* [PATCH] MIPS: strnlen_user.S: Fix a CPU_DADDI_WORKAROUNDS regression
@ 2015-05-28 16:46 Maciej W. Rozycki
2015-05-28 17:18 ` Ralf Baechle
2015-06-05 8:44 ` Ralf Baechle
0 siblings, 2 replies; 5+ messages in thread
From: Maciej W. Rozycki @ 2015-05-28 16:46 UTC (permalink / raw)
To: Ralf Baechle; +Cc: linux-mips
Correct a regression introduced with 8453eebd [MIPS: Fix strnlen_user()
return value in case of overlong strings.] causing assembler warnings
and broken code generated in __strnlen_kernel_nocheck_asm:
arch/mips/lib/strnlen_user.S: Assembler messages:
arch/mips/lib/strnlen_user.S:64: Warning: Macro instruction expanded into multiple instructions in a branch delay slot
with the CPU_DADDI_WORKAROUNDS option set, resulting in the function
looping indefinitely upon mounting NFS root.

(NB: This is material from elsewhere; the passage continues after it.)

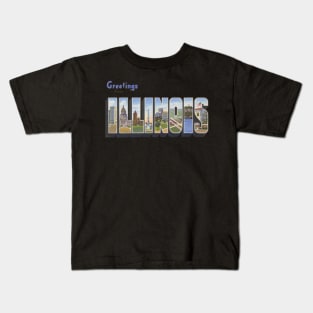 Greetings from Illinois Kids T-Shirt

Use conditional assembly to avoid a microMIPS code size regression.
Using $at unconditionally would cause such a regression as there are no
16-bit instruction encodings available for ALU operations using this
register. Using $v1 unconditionally would produce short microMIPS
encodings, but would prevent this register from being used across calls
to this function.
The extra LI operation introduced is free, replacing a NOP originally
scheduled into the delay slot of the branch that follows.

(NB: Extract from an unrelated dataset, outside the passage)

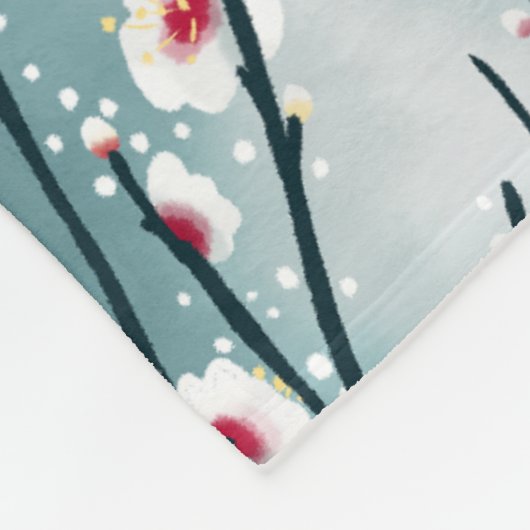 Frühlingsmuster Blossom Blumenmuster Fleecedecke (Ecke)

Signed-off-by: Maciej W. Rozycki <macro@linux-mips.org>
---
Ralf,
The jump to the delay slot combined with the unusual register usage
convention taken here made it trickier than it would normally be to make a
fix that does not regress -- in terms of code size -- unaffected microMIPS
systems. I tried several versions and eventually I came up with this one
that I believe produces the best code in all cases, at the cost of these
#ifdefs. I hope they are acceptable.
Please apply,
Maciej
linux-mips-strnlen-user-nodaddi-fix.patch
Index: linux-20150524-4maxp64/arch/mips/lib/strnlen_user.S
===================================================================
--- linux-20150524-4maxp64.orig/arch/mips/lib/strnlen_user.S
+++ linux-20150524-4maxp64/arch/mips/lib/strnlen_user.S
@@ -34,7 +34,12 @@ LEAF(__strnlen_\func\()_asm)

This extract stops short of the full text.